* **Work order**:
Copy every record exactly, and keep the pictures out.
[Opening Given information section]
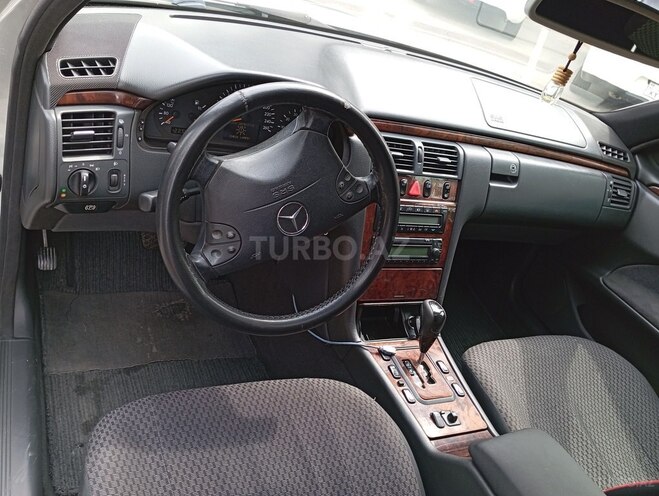 Mercedes E 240 2000, 270,000 km - 2.6 l - Bakı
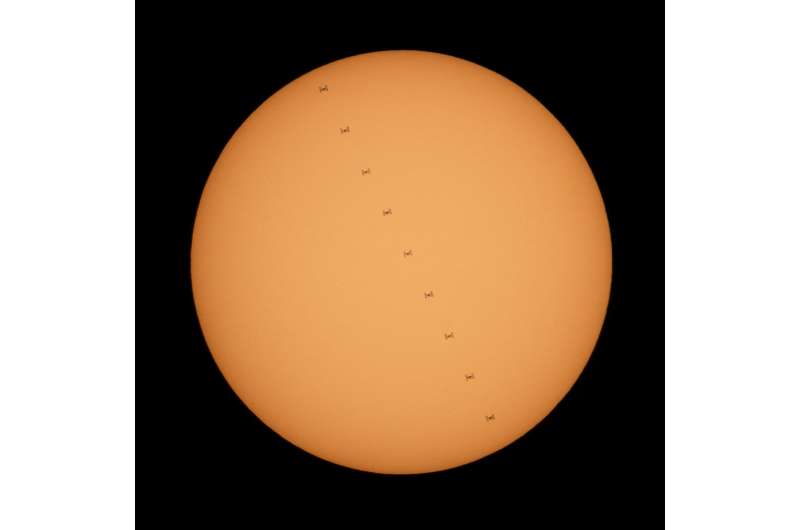 Image: The space station transits the sun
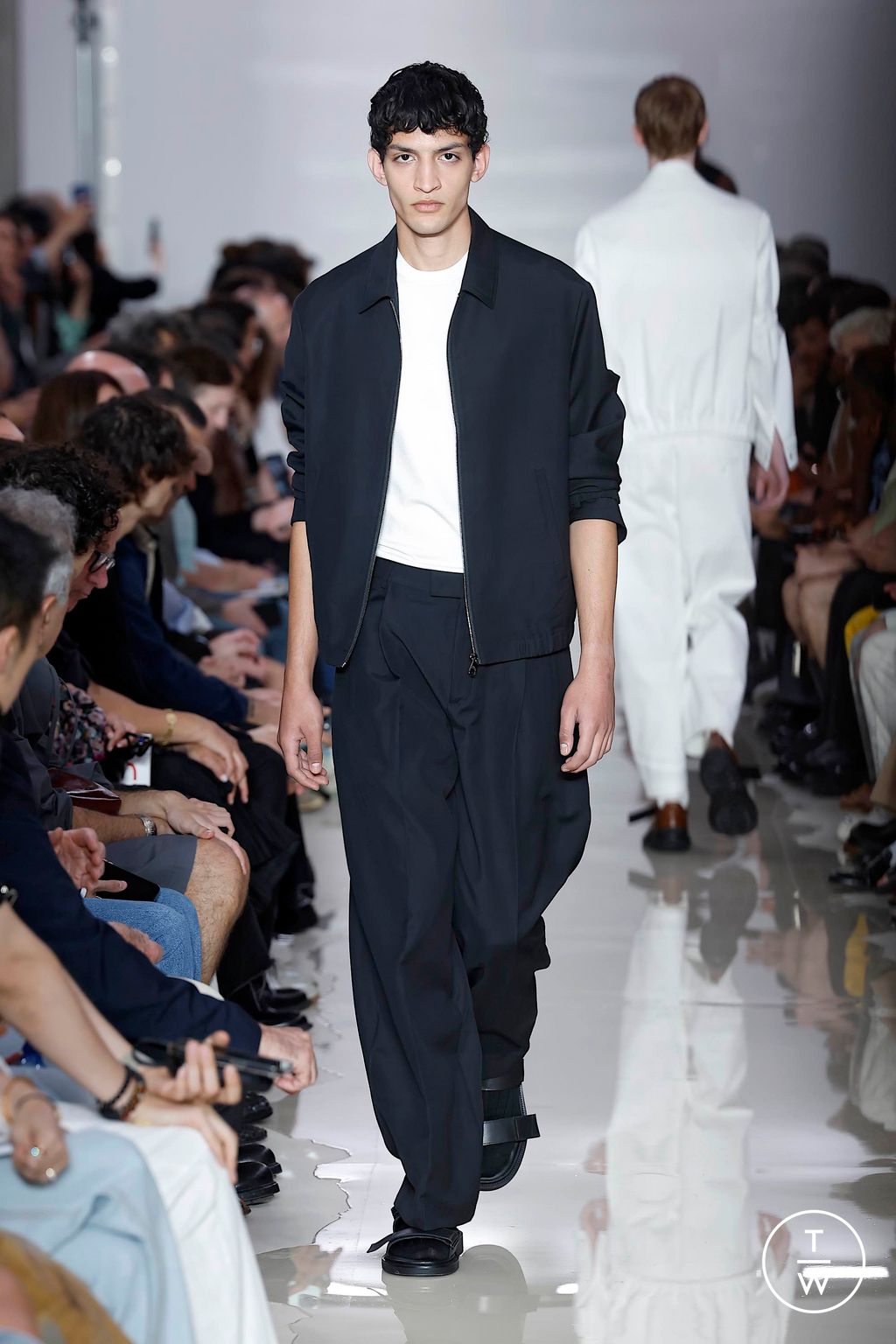 Fashion Week Milan Spring-Summer 2025 look 38 de la collection Neil Barrett menswear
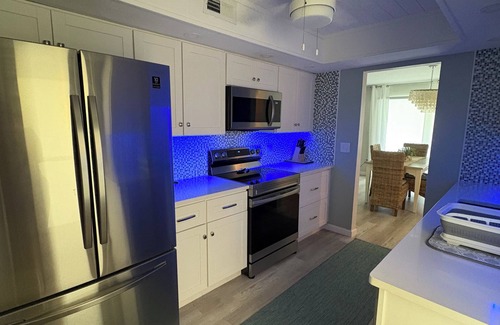 Laurel Condo | 2-bedroom condo in lovely Nokomis n1.25 mile from the beach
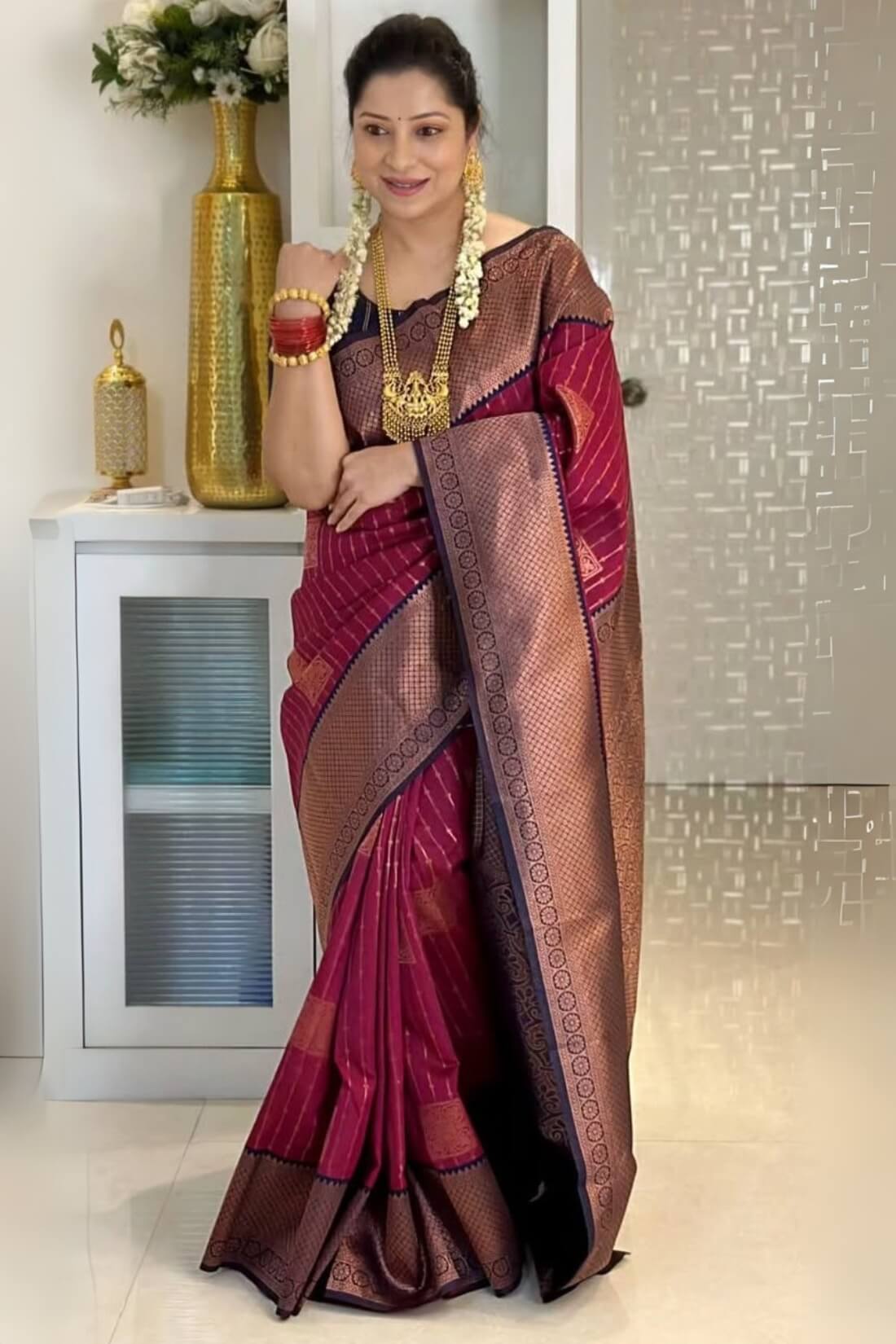 Entrancing Maroon Soft Silk Saree With Surpassing Blouse Piece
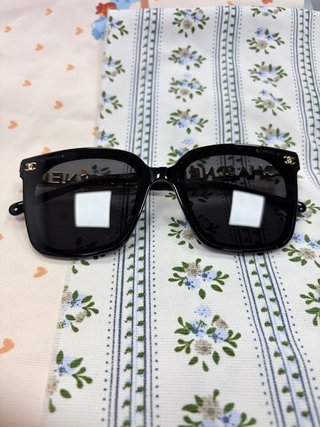Gafas de sol Chanel negras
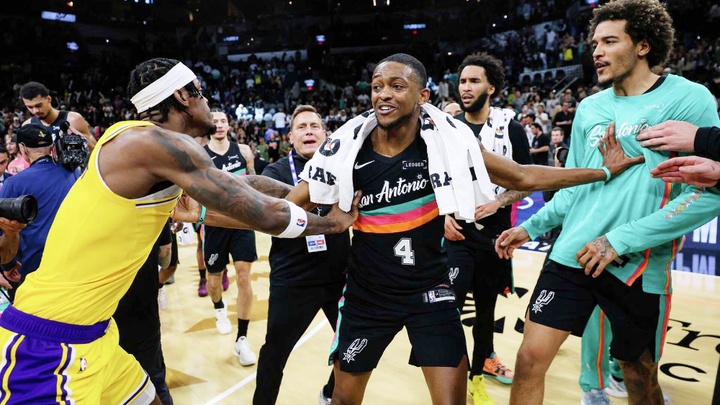 Căng thẳng sau trận Spurs - Lakers: Jarred Vanderbilt chọc tay vào mặt Jeremy Sochan
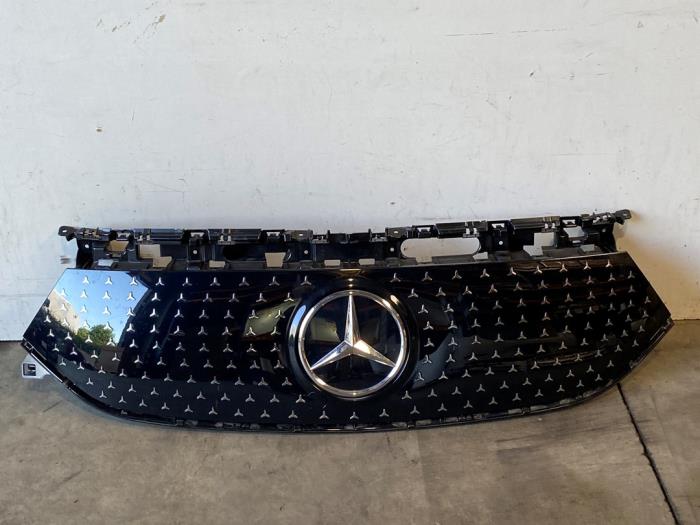 Grille Mercedes EQB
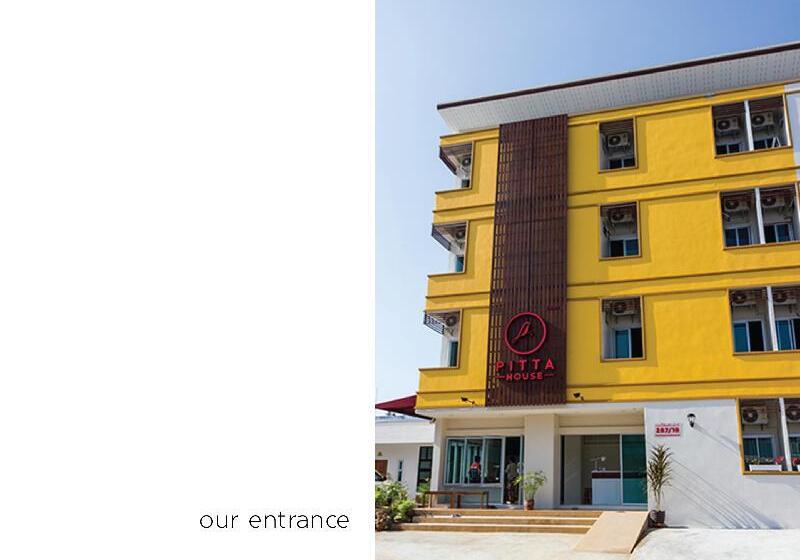 호텔 Krabi Pitta House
[Closing Given information section]
* **Solution for this exercise**:
 Mercedes E 240 2000, 270,000 km - 2.6 l - Bakı
 Image: The space station transits the sun
 Fashion Week Milan Spring-Summer 2025 look 38 de la collection Neil Barrett menswear
 Laurel Condo | 2-bedroom condo in lovely Nokomis n1.25 mile from the beach
 Entrancing Maroon Soft Silk Saree With Surpassing Blouse Piece
Gafas de sol Chanel negras
 Căng thẳng sau trận Spurs - Lakers: Jarred Vanderbilt chọc tay vào mặt Jeremy Sochan
 Grille Mercedes EQB
 호텔 Krabi Pitta House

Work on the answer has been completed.